#### [Work item]
From the records below, extract only the lines running from the line with "Used 2023 Chevrolet" to the line with "Nikon d3100 только тушка", both lines included, reproducing them exactly.

#### [Caption-style text data]

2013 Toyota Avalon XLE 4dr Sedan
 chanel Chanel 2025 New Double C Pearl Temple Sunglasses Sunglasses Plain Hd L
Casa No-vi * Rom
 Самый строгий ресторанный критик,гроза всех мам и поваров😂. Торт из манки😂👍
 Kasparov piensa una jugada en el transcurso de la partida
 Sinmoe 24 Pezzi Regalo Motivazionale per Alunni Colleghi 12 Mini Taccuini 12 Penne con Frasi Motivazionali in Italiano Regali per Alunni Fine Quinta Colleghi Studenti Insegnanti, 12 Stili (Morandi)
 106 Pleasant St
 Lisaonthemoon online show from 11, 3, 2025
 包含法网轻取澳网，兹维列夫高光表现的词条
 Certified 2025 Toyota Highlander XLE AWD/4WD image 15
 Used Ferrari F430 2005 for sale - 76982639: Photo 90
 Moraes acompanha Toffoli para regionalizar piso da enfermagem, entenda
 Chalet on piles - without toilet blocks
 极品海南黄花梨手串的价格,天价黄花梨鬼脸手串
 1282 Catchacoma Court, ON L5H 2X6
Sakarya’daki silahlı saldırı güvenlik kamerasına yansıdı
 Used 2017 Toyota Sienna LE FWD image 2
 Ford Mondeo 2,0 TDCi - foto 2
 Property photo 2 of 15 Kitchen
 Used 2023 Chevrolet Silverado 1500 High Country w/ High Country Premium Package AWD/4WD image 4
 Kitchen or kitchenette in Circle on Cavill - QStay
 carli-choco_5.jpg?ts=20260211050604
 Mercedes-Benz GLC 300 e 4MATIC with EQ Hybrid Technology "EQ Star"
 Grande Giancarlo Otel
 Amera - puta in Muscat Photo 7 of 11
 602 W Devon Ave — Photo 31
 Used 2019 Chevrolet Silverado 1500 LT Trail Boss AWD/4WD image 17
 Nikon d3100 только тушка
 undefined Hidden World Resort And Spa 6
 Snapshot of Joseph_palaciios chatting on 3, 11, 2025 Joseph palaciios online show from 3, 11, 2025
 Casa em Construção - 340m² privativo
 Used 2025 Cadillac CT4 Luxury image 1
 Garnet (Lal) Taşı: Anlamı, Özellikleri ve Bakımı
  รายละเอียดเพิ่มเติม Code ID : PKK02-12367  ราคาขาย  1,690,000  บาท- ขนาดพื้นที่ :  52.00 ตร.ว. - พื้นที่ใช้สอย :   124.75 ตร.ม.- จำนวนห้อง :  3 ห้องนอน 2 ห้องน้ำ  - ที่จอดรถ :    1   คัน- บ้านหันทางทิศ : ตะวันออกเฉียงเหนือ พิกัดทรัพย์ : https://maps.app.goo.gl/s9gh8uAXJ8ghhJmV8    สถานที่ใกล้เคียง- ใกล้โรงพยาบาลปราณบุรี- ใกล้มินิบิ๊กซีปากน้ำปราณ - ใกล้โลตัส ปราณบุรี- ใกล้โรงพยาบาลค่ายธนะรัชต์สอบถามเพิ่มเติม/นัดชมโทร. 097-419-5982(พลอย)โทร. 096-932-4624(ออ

#### [Result of this exercise]
 Used 2023 Chevrolet Silverado 1500 High Country w/ High Country Premium Package AWD/4WD image 4
 Kitchen or kitchenette in Circle on Cavill - QStay
 carli-choco_5.jpg?ts=20260211050604
 Mercedes-Benz GLC 300 e 4MATIC with EQ Hybrid Technology "EQ Star"
 Grande Giancarlo Otel
 Amera - puta in Muscat Photo 7 of 11
 602 W Devon Ave — Photo 31
 Used 2019 Chevrolet Silverado 1500 LT Trail Boss AWD/4WD image 17
 Nikon d3100 только тушка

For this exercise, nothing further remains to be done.